#### Data segment
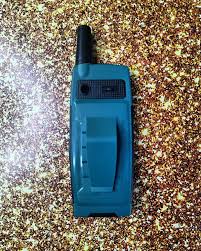 Raeno R35 Screen display 1.77'', camera, Torch,wireless FM,Blue tooth,long standby battery,12 months warranty,Two-2 sim Small size kabambe/katululu/mulika mwizi/featured phone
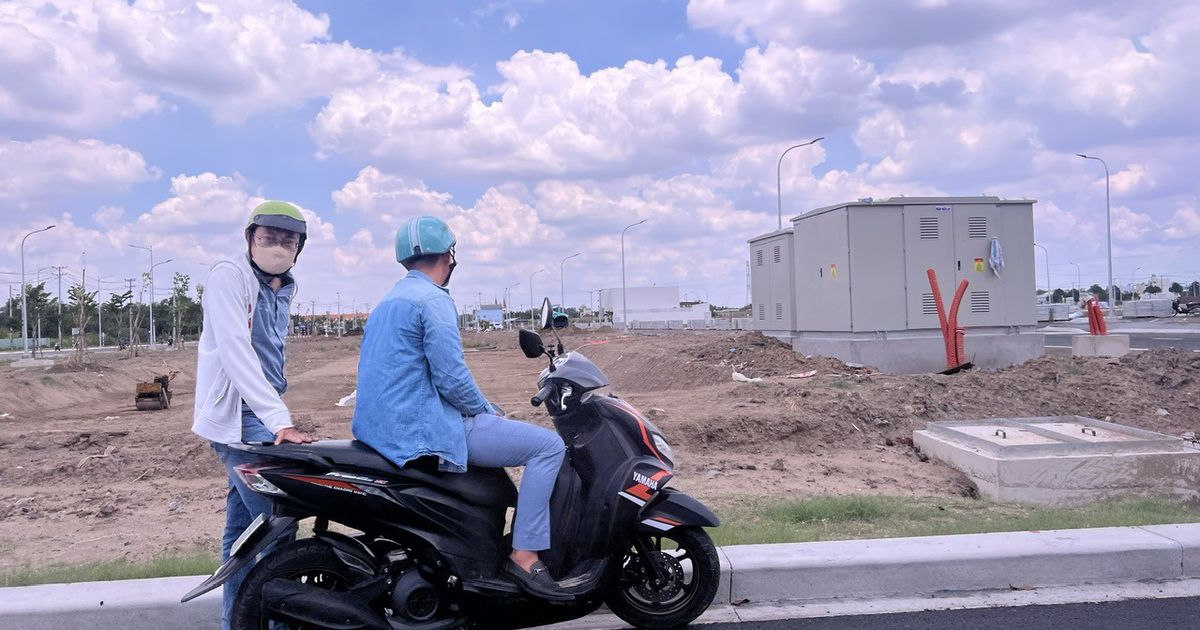 Mua đất 4 năm, tăng giá 300 triệu nhưng nhà đầu tư “còng lưng” gánh lãi ngân hàng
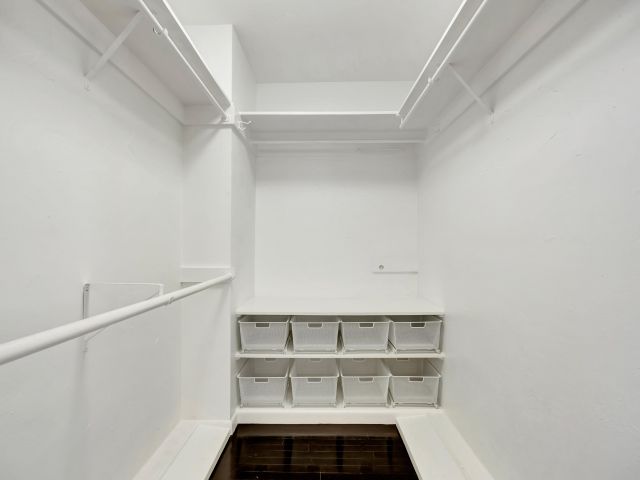 Дом в аренду по адресу 136 Worth Court S - фото 6853579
########
Your task: The copy should hold exactly the lines from the line containing "Mua đất 4 năm, tăng" through the end of the data, both ends included, and no pictures.

Task result:
 Mua đất 4 năm, tăng giá 300 triệu nhưng nhà đầu tư “còng lưng” gánh lãi ngân hàng
 Дом в аренду по адресу 136 Worth Court S - фото 6853579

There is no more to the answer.